Zur Produktion der ersten Serienfahrzeuge verwendete Renault die noch im Werk vorhandenen Restposten an Tarnfarbe des früheren Deutschen Afrikakorps. Wegen der Form und dieser sandbeigen Farbe erhielt das Auto in Frankreich den Spitznamen „Motte de Beurre“ (Butterklumpen).[1] Der deutsche Spitzname „Cremeschnittchen“ stammte ursprünglich aus dem Saarland, wo bis 1959 eine Zollunion mit Frankreich bestand und der 4CV etwa drei Viertel aller Zulassungen ausmachte. Fahrzeuge aus der Bundesrepublik Deutschland hätten verzollt werden müssen. In der Deutschschweiz nannte man das Auto allgemein „Renault Heck“.[2]
Der 4CV hat wie der VW-Käfer einen Vierzylinder-Heckmotor, anders als dieser aber keinen luftgekühlten Boxer-, sondern einen wassergekühlten Reihenmotor.
Die Serienproduktion begann 1947 im Renault-Werk Billancourt auf der Île Seguin bei Paris und lief bis 1961. Als Lizenzbau fertigte FASA den Wagen im spanischen Valladolid, wobei in Frankreich vorgefertigte Teile montiert wurden. Ebenfalls in Lizenz baute ab 1953 der japanische Hersteller Hino das Auto als Rechtslenker. Es verrichtete vor allem als Taxi seinen Dienst.
Zusammen mit dem Citroën 2CV avancierte der Renault 4CV zur französischen Variante des VW Käfer. Beide waren einfache Konstruktionen, die in den 1950er Jahren die Massen in Frankreich motorisierten. Sie hatten sogar – im Gegensatz zum Volkswagen – vier Türen. Alle waren an der B-Säule angeschlagen, daher hatte der 4CV vorne sogenannte Selbstmördertüren.
Auch in den Benelux-Staaten prägte der 4CV seinerzeit das Straßenbild. Seitdem der Wagen ab 1957 auch im spanischen Valladolid gefertigt wurde, setzte er sich auch auf der Iberischen Halbinsel durch. Wegen der starken Nachfrage nach Kleinwagen wurde der 4CV nicht in die USA exportiert, das geschah erst mit der seit 1956 parallel gebauten Renault Dauphine, die wesentlich „amerikanischer“ aussah. Sozusagen im Schlepptau der Dauphine schafften es dann jedoch noch ca. 15.000 Stück 4CV in die USA; die meisten Käufer waren ehemals in Frankreich stationierte amerikanische Soldaten.

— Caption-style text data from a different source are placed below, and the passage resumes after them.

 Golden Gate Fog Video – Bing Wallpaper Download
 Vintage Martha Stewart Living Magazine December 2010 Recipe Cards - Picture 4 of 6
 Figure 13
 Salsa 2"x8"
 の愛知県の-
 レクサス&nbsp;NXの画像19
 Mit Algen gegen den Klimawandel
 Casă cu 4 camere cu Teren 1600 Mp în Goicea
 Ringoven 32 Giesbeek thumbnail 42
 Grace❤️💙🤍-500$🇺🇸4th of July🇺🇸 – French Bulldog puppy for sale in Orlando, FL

Der „Kattschewo“ (quatre chevaux; dt. 4 PS) hatte von 1948 an serienmäßig Gürtelreifen (Michelin X). Während des Produktionszeitraums wurde der Wagen nur wenig verändert, so gab es 1955 ein anderes Armaturenbrett, die Motorleistung wurde von 17 PS (13 kW) auf 19,5 PS (14 kW) erhöht und ein Anlasser mit Magnetschalter eingebaut. 1957 wurden die charakteristischen „Sternfelgen“ (jantes étoiles) zugunsten herkömmlicher Stahlscheibenräder aufgegeben. Der Wagen hatte jetzt 21 PS (15 kW) und konnte mit Heizung bestellt werden. 1959 wurde die Leistung des Motors auf 26 PS (19 kW) erhöht, 1961 bekamen die „Abschiedsmodelle“ Kurbelfenster vorn statt Schiebefenstern.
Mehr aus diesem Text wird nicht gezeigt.